======== DATA BLOCK

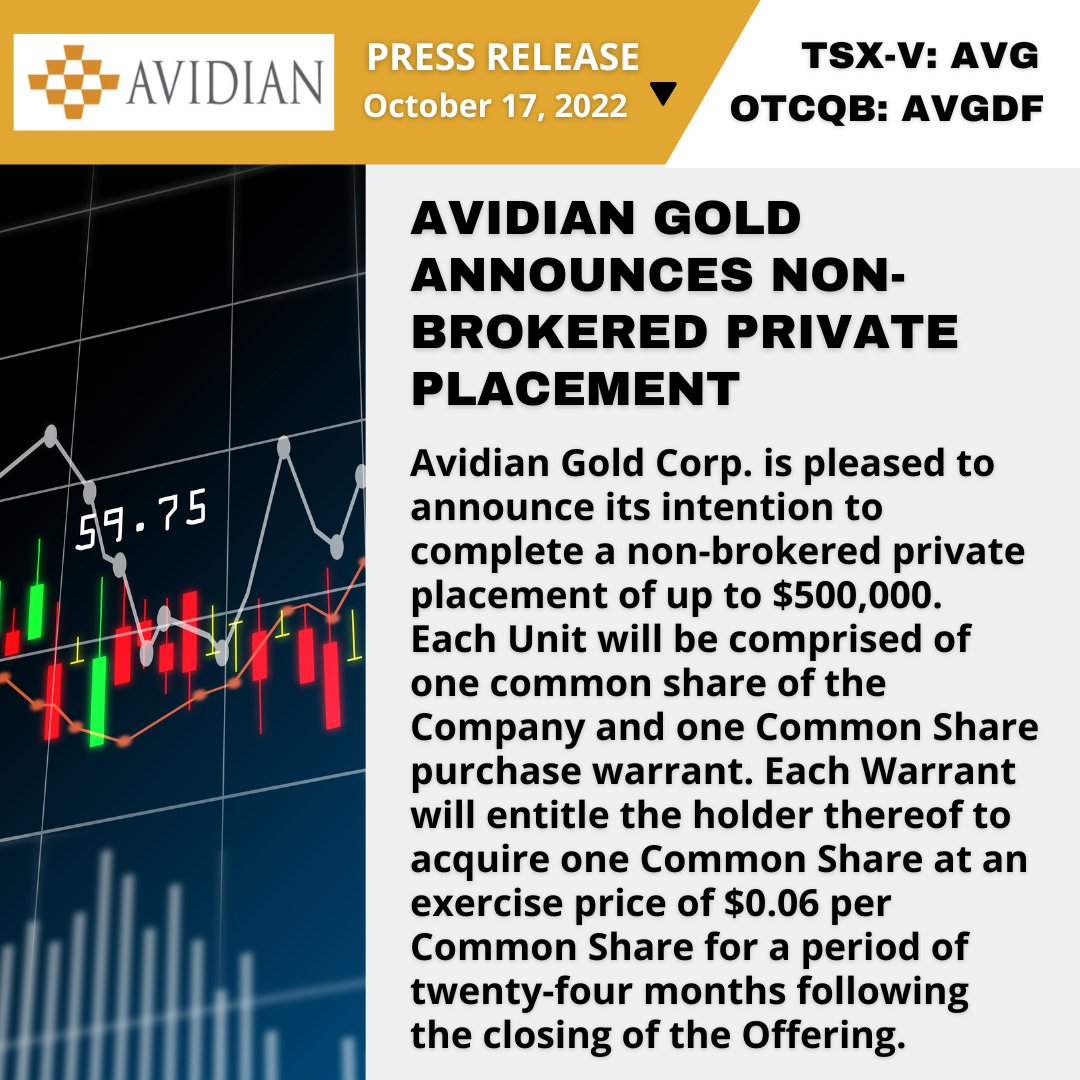 AvidianGold's tweet photo. Avidian Gold announces non-brokered private placement.

You can read all about it at the link here:
https://t.co/eJV3MLKBIG

#mining #gold #goldmining #nevada #juniormining #tsxv #otcqb https://t.co/eilI6NxnSv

================

- **EXERCISE BRIEF**
Leave the images out as you retype each line of the material exactly.

- **ANSWER TO THE EXERCISE**
 AvidianGold's tweet photo. Avidian Gold announces non-brokered private placement.

You can read all about it at the link here:
https://t.co/eJV3MLKBIG

#mining #gold #goldmining #nevada #juniormining #tsxv #otcqb https://t.co/eilI6NxnSv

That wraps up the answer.